■ **MATERIAL SUPPLIED**
BEGIN

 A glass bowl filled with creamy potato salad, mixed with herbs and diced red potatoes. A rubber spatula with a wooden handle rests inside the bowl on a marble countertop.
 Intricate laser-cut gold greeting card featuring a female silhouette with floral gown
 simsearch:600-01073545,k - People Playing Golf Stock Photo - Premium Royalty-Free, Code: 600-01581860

END
BEGIN

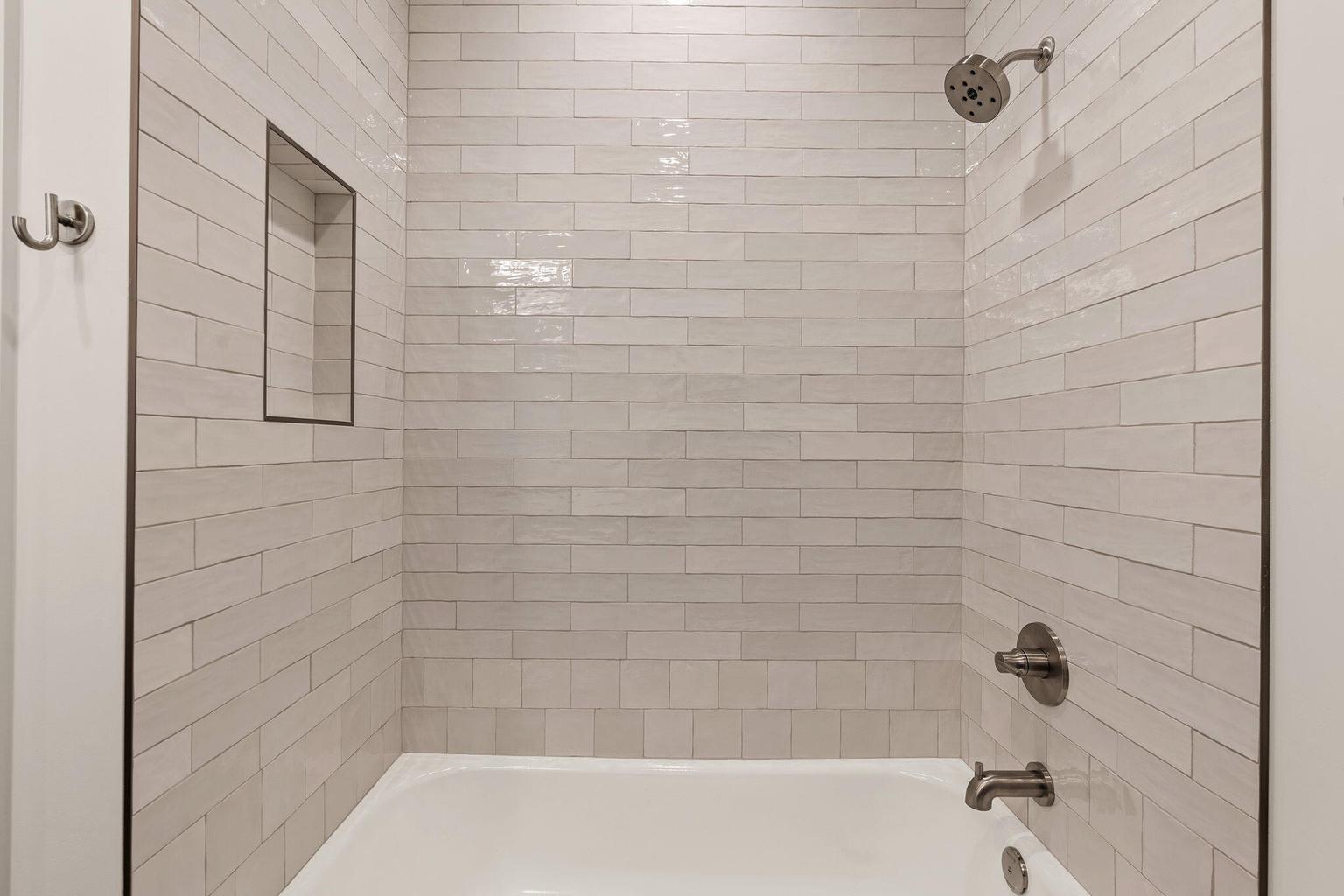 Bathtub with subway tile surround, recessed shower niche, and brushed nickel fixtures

END

■ **WORK REQUIRED**
Please give an exact copy of the entries above, from the line with "Intricate laser-cut gold" down to the line with "simsearch:600-01073545,k - People", inclusive, and nothing else.

■ **WRITTEN SOLUTION**
 Intricate laser-cut gold greeting card featuring a female silhouette with floral gown
 simsearch:600-01073545,k - People Playing Golf Stock Photo - Premium Royalty-Free, Code: 600-01581860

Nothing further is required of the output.